Sorting Lists of Objects by String Fields in Java

Often, you’ll need to sort lists of objects based on one of their string fields. Consider a Movie class with a title field:

class Movie {
    private String title;

    public Movie(String title) {
        this.title = title;
    }

    public String getTitle() {
        return title;
    }

    @Override
    public String toString() {
        return "Movie{title='" + title + "'}";
    }
}

To sort a list of Movie objects by title, we can use Comparator.comparing(). This powerful method takes a function that extracts the sorting key – in this case, the getTitle method of the Movie class.
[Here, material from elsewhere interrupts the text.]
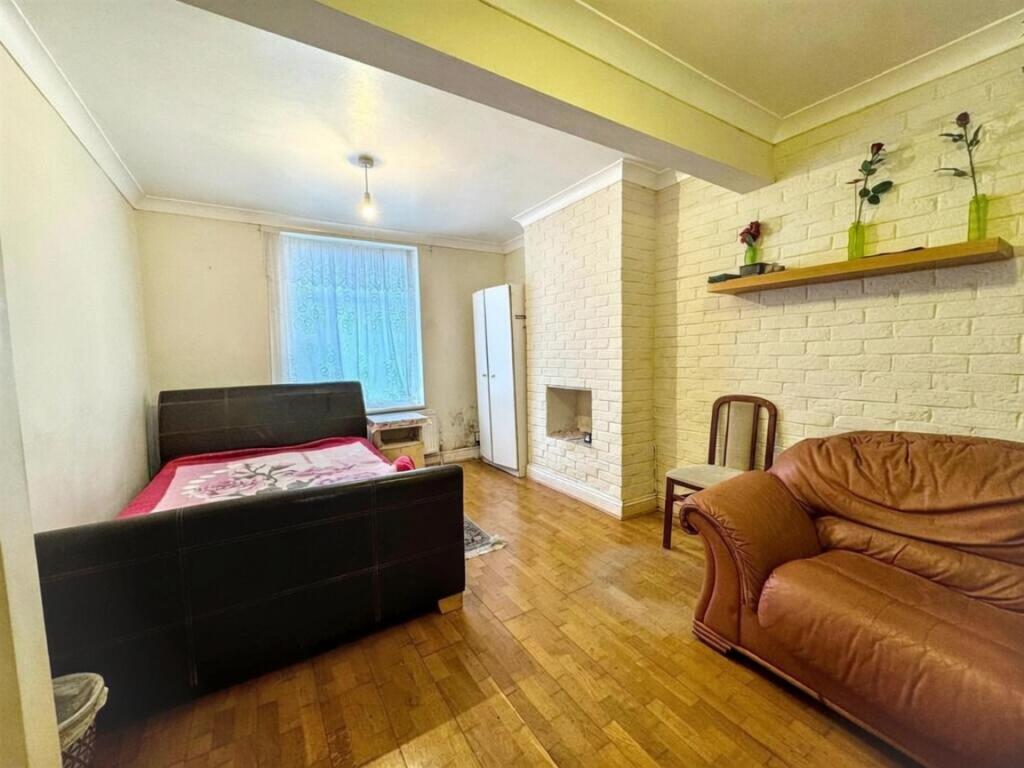 House in London, Burnt Oak, Colindale - View 5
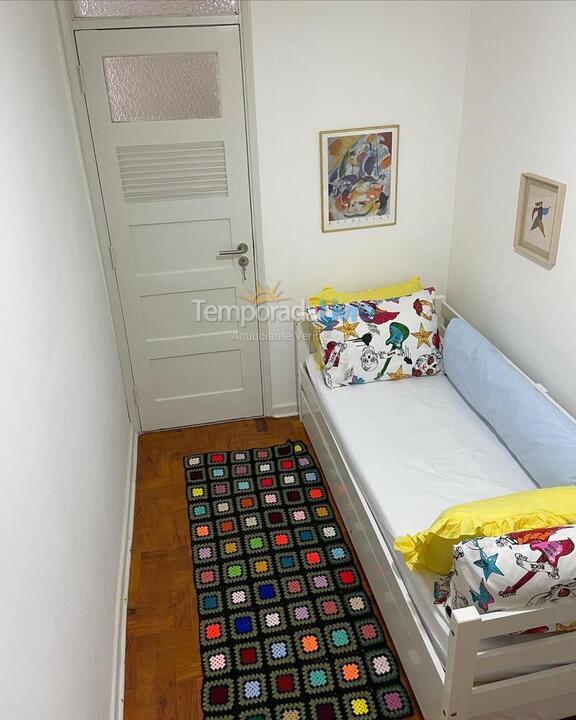 Apartamento para aluguel de temporada em Guarujá (Pitangueiras)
List<Movie> movies = Arrays.asList(
    new Movie("Lord of the rings"),
    new Movie("Back to the future"),
    new Movie("Carlito's way"),
    new Movie("Pulp fiction")
);
movies.sort(Comparator.comparing(Movie::getTitle));
movies.forEach(System.out::println);

This code snippet will produce the following sorted output:

Movie{title='Back to the future'}
Movie{title='Carlito's way'}
Movie{title='Lord of the rings'}
Movie{title='Pulp fiction'}

The magic behind Comparator.comparing() lies in its ability to leverage the natural ordering of the extracted key. Since title is a String, which implements the Comparable interface, Comparator.comparing() implicitly uses the compareTo method of the String class to sort the Movie objects.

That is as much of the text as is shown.